◆ **Problem requirements**: After locating the line that contains "Seehotel Herlinde Podersdorf" in the listing below, write out that line and every following line exactly, with no other output.

*** Opening Source data ***

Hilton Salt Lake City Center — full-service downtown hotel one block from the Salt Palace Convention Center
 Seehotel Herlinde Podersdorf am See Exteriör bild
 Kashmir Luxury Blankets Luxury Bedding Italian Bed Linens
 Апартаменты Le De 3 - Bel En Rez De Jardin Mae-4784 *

*** Closing Source data ***

◆ **Solution to this task**:
 Seehotel Herlinde Podersdorf am See Exteriör bild
 Kashmir Luxury Blankets Luxury Bedding Italian Bed Linens
 Апартаменты Le De 3 - Bel En Rez De Jardin Mae-4784 *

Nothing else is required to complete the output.